Directions:
Restate the listing below word for word. No picture belongs in the result.

Data:

Content starts

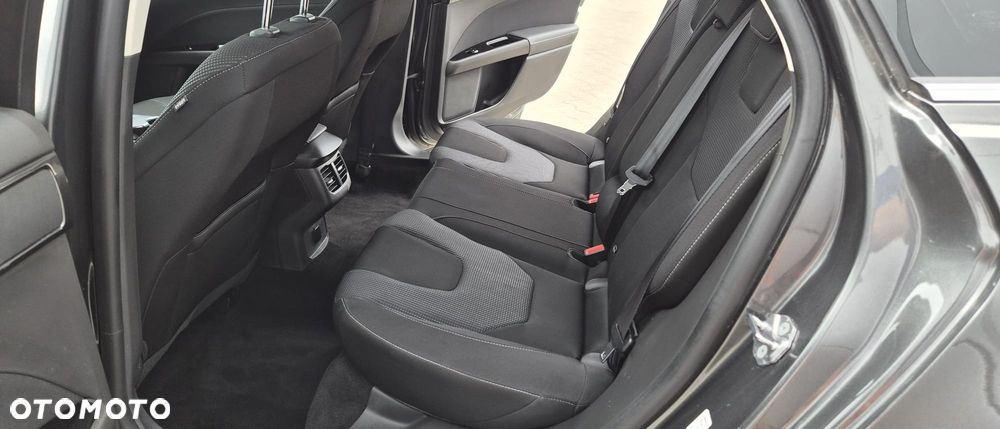 Ford Mondeo 2.0 Hybrid Titanium - 30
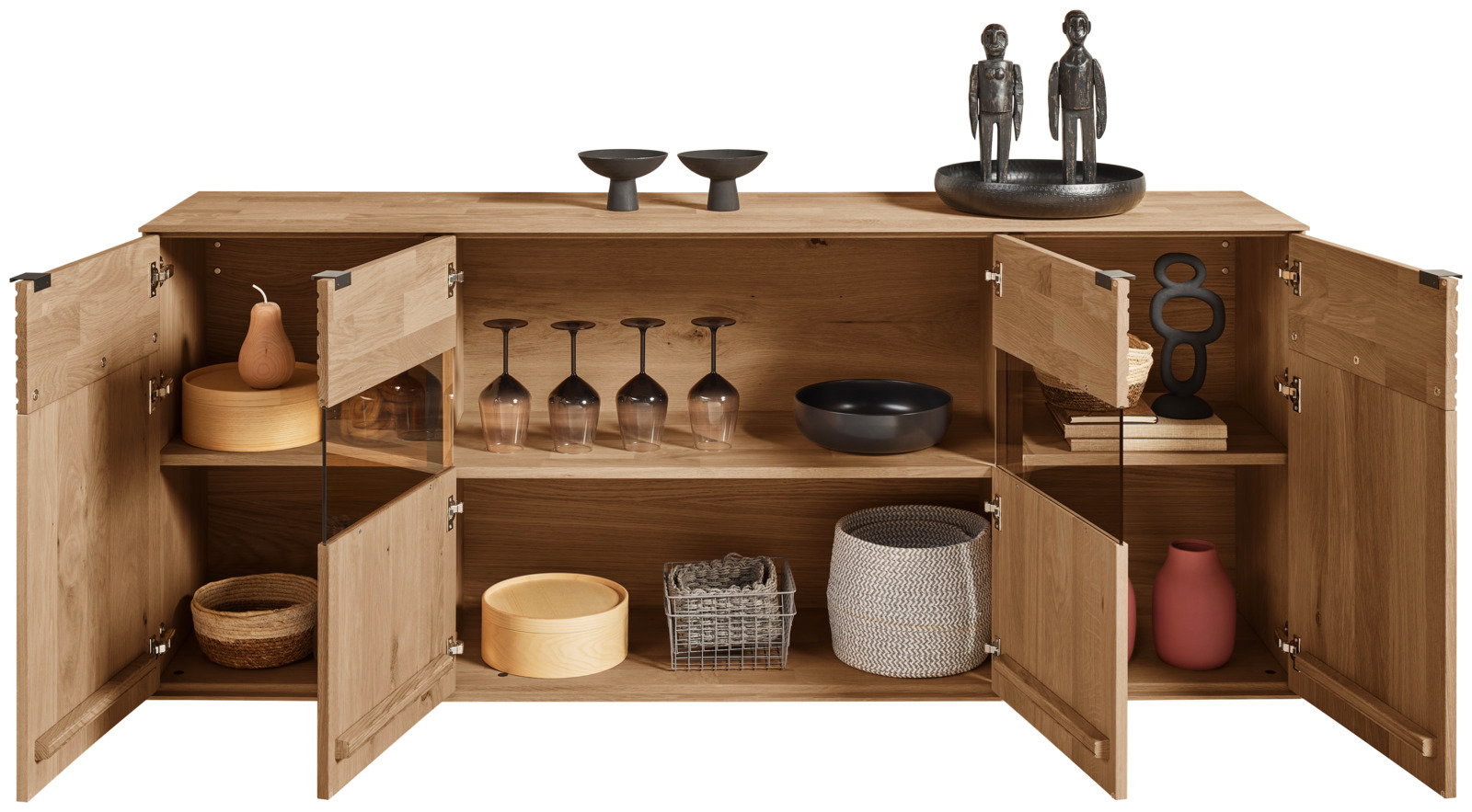 Offenes Sideboard aus Holz mit dekorativen Gegenständen, von vorne betrachtet.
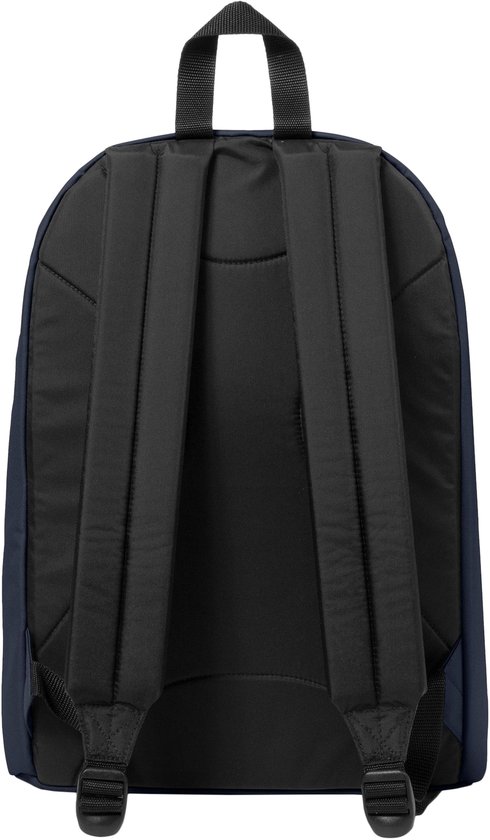 Donkerblauwe Eastpak rugzak, achterkant met zwarte schouderbanden en handvat.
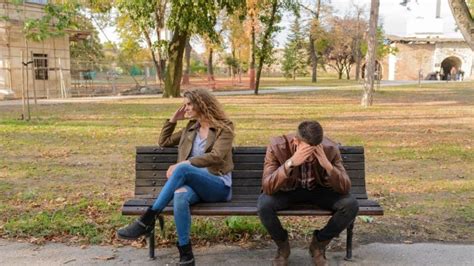 important signs to indicate that your relationship is doomed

Content ends

Result:
 Ford Mondeo 2.0 Hybrid Titanium - 30
 Offenes Sideboard aus Holz mit dekorativen Gegenständen, von vorne betrachtet.
 Donkerblauwe Eastpak rugzak, achterkant met zwarte schouderbanden en handvat.
 important signs to indicate that your relationship is doomed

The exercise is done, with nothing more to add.